Het door belanghebbende hiertegen gemaakte bezwaar is door de heffingsambtenaar bij uitspraak op bezwaar, gedagtekend 3 oktober 2019, ongegrond verklaard.
Belanghebbende heeft tegen de uitspraak op bezwaar beroep ingesteld. Bij uitspraak van 15 september 2020 heeft de rechtbank het beroep ongegrond verklaard.
Het tegen deze uitspraak door belanghebbende ingestelde hoger beroep is bij de griffie van het Hof ingekomen op 26 oktober 2020. De heffingsambtenaar heeft geen verweerschrift ingediend.
Het onderzoek ter zitting heeft plaatsgevonden op 27 januari 2022. Van het verhandelde ter zitting is een proces-verbaal opgemaakt dat met deze uitspraak wordt meegezonden.
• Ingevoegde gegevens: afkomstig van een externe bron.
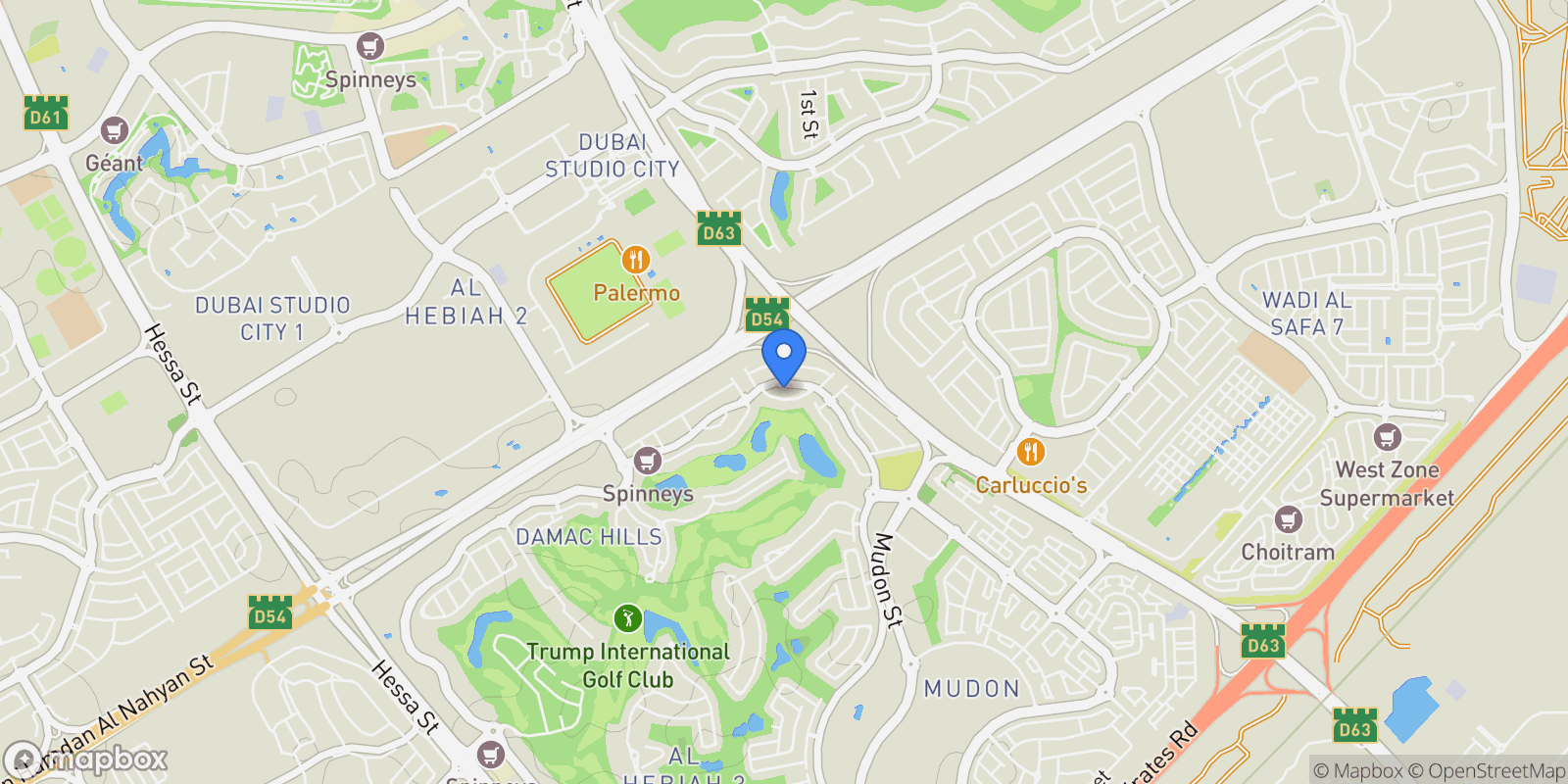 Map showing DAMAC Hills, Dubai, Dubai, Dubai, United Arab Emirates.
2 Tussen partijen vaststaande feiten
De rechtbank heeft de volgende feiten vastgesteld (in de uitspraak van de rechtbank wordt belanghebbende aangeduid als [belanghebbende] ):
“1. [belanghebbende] heeft op 21 september 2016 een omgevingsvergunning aangevraagd voor het bouwen van zeven tijdelijke woongebouwen met in totaal 358 studentenwoningen aan de [adres 1] , [adres 2] en [adres 3] in [plaats] voor een periode van 10 jaar na de start van de bouwwerkzaamheden. De omgevingsvergunning is op 7 december 2016 aan [belanghebbende] verleend.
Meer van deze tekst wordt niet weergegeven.